■ WORK TO BE COMPLETED: Write out the lines of the material below exactly, beginning at the line with "DATALOGIC PowerScan PM8500" and stopping after the line with "放送法遵守を求める視聴者の会", and leave out the pictures.

*** MATERIAL TO PROCESS ***

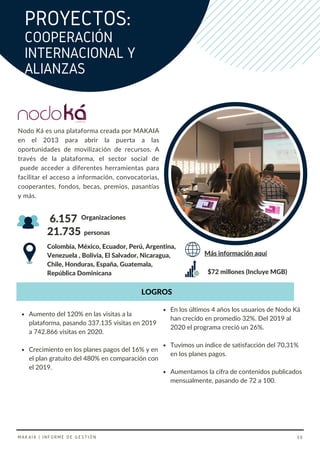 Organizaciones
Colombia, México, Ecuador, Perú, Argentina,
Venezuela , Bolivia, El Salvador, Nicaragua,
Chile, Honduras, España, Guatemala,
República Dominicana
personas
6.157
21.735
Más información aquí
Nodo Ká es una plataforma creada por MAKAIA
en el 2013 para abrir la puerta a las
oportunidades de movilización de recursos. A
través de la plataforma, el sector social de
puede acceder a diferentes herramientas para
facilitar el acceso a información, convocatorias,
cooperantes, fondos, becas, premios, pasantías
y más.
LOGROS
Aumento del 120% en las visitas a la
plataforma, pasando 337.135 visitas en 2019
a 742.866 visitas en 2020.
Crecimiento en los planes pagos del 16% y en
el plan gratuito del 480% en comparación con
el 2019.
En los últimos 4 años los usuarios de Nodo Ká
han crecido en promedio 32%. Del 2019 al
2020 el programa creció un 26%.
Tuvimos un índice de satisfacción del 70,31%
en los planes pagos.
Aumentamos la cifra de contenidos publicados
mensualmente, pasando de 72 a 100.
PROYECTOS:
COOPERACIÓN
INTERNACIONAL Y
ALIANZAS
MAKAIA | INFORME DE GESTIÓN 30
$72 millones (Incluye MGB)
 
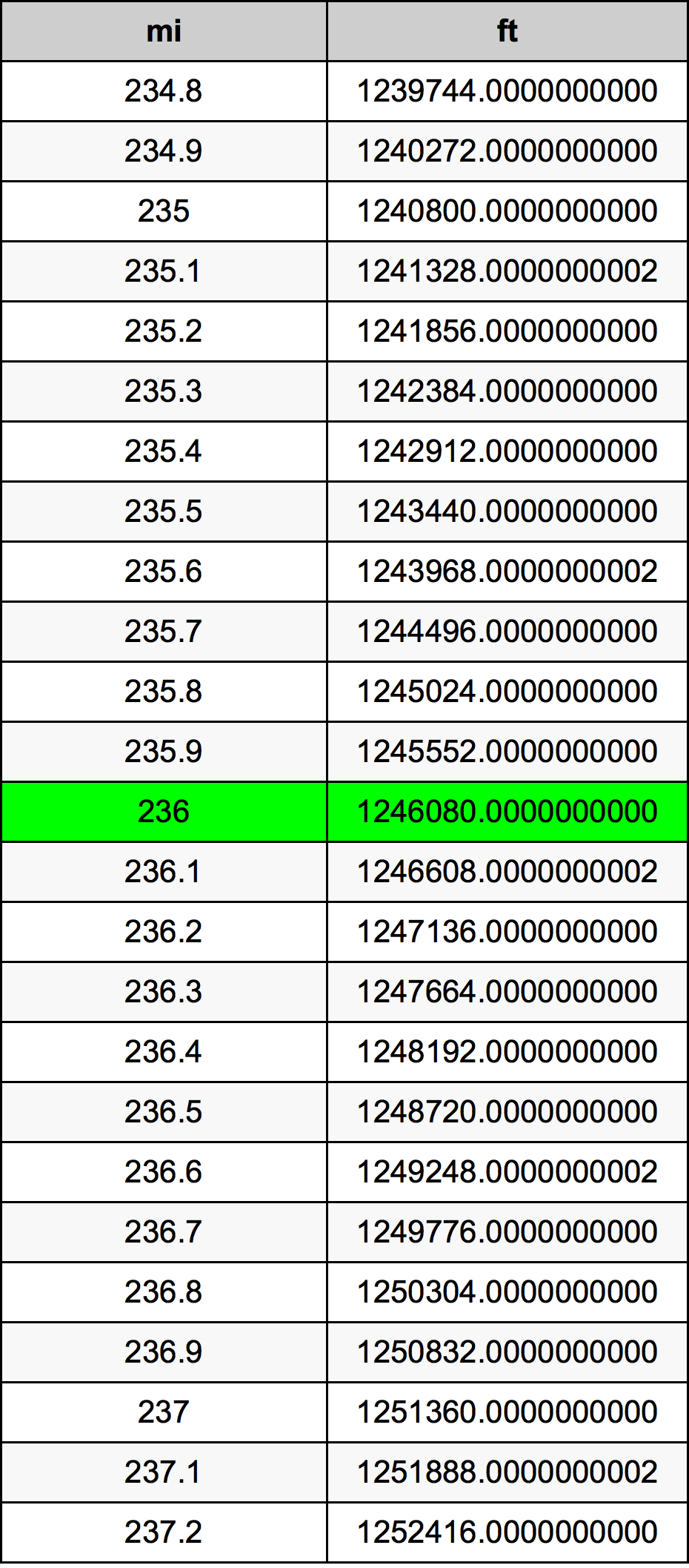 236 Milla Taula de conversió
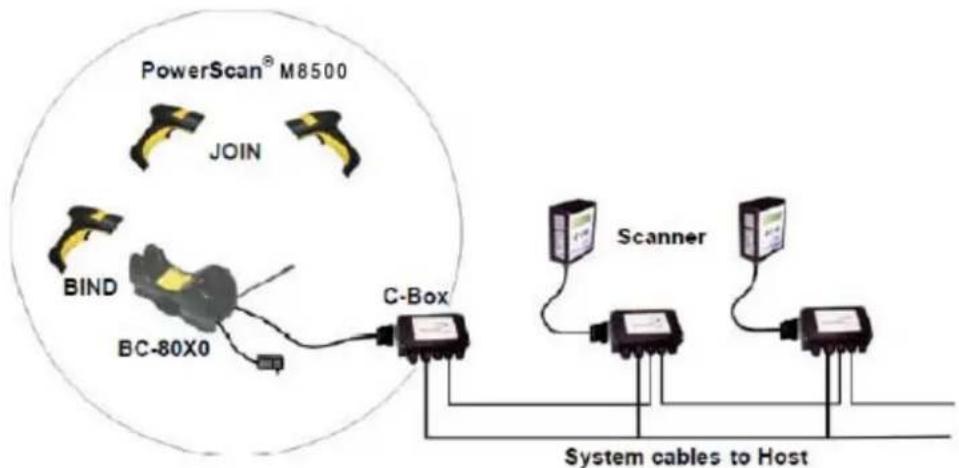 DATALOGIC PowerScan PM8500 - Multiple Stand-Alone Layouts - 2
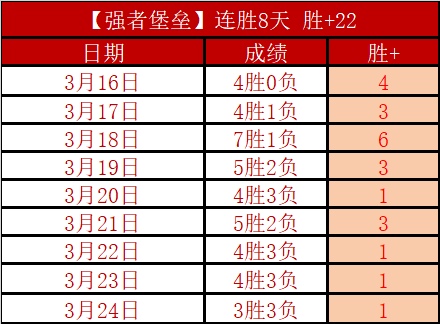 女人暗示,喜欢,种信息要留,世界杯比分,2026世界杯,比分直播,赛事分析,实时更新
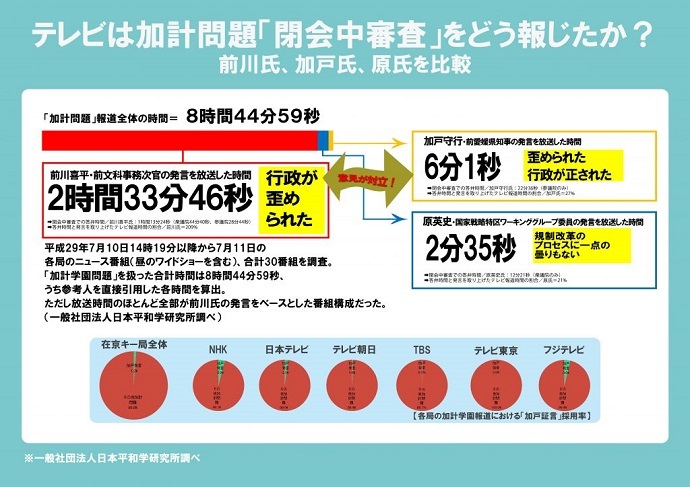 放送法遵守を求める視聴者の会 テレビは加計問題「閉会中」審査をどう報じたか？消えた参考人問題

***
*** MATERIAL TO PROCESS ***

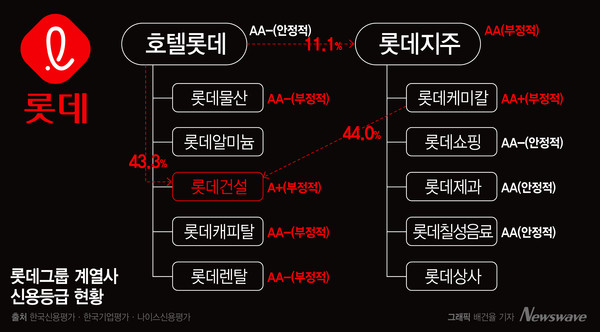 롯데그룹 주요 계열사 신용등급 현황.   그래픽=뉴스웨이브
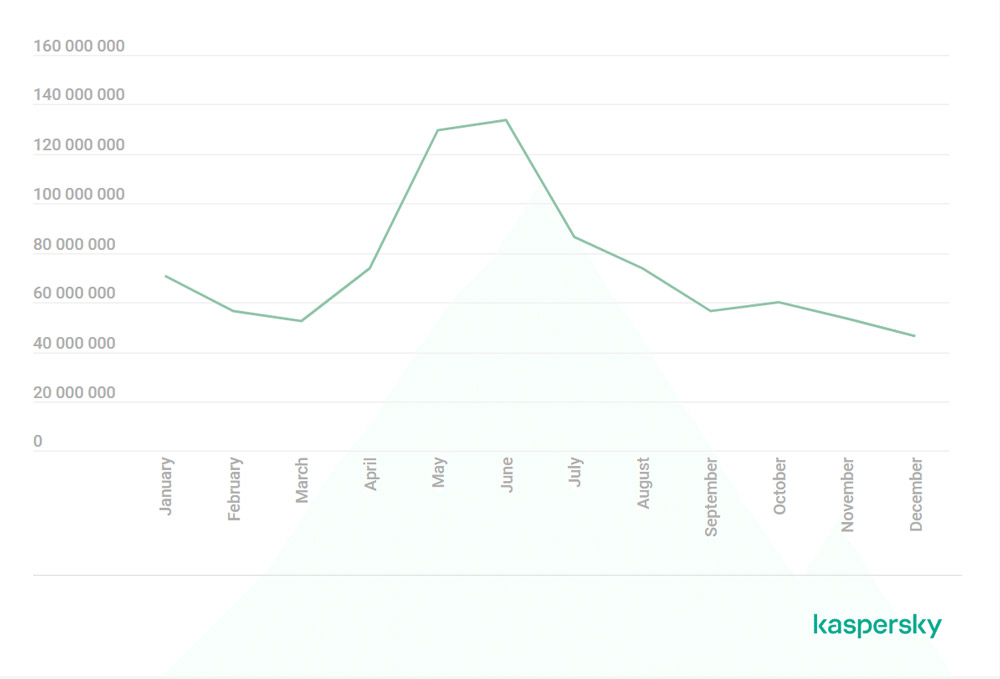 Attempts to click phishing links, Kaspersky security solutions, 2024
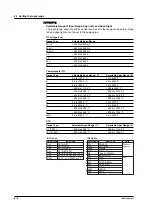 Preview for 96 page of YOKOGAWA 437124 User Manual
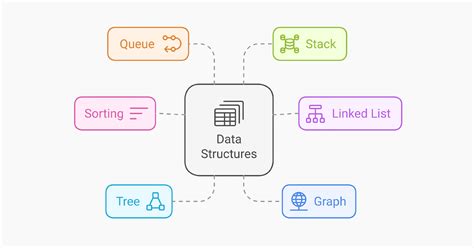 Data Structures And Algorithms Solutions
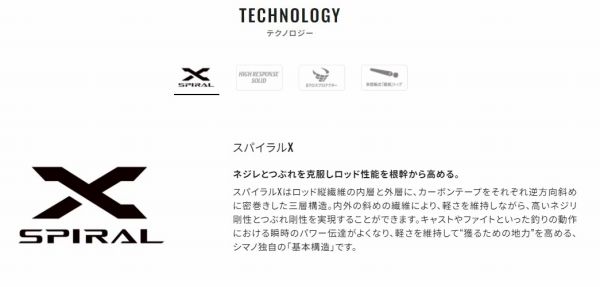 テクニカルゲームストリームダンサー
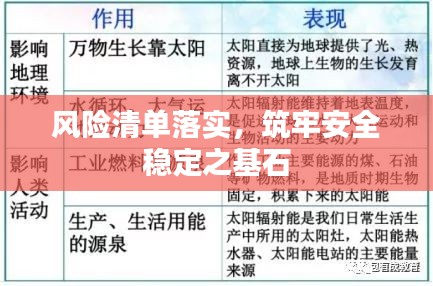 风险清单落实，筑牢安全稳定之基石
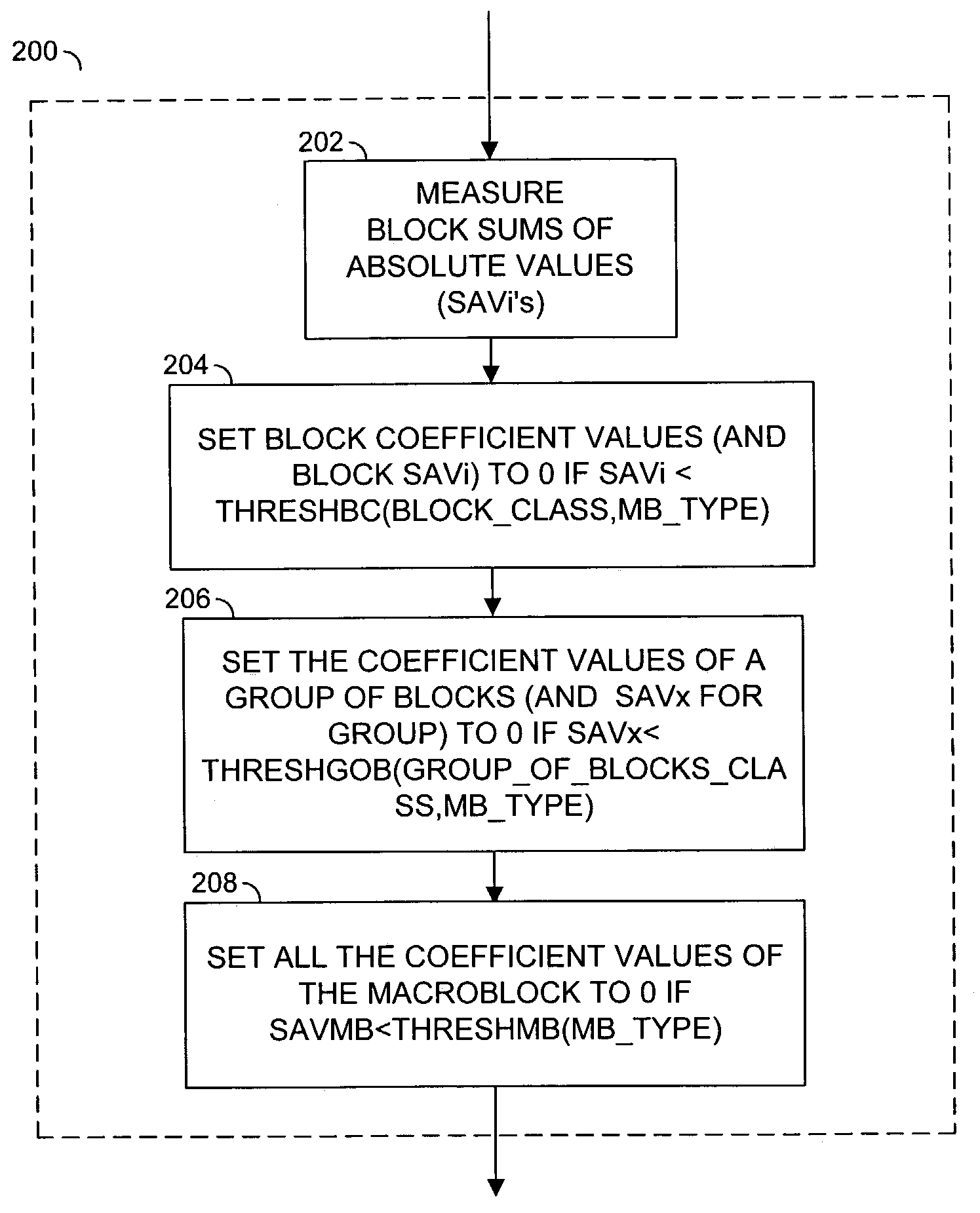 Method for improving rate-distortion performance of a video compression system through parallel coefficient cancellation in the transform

***
*** MATERIAL TO PROCESS ***

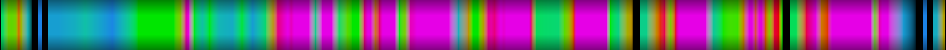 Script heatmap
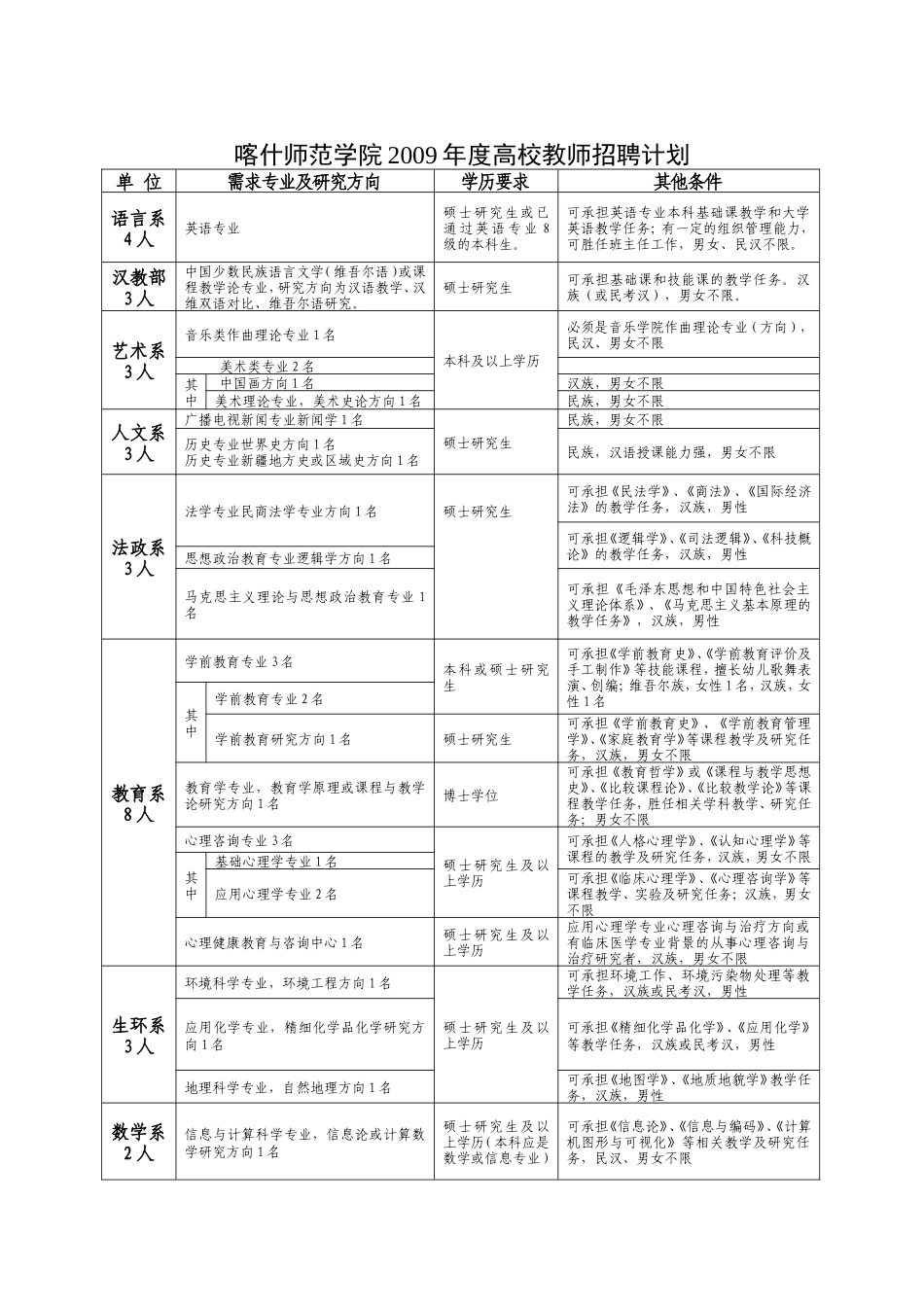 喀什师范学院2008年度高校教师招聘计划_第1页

***

■ THE COMPLETED TASK:
 DATALOGIC PowerScan PM8500 - Multiple Stand-Alone Layouts - 2
 女人暗示,喜欢,种信息要留,世界杯比分,2026世界杯,比分直播,赛事分析,实时更新
 放送法遵守を求める視聴者の会 テレビは加計問題「閉会中」審査をどう報じたか？消えた参考人問題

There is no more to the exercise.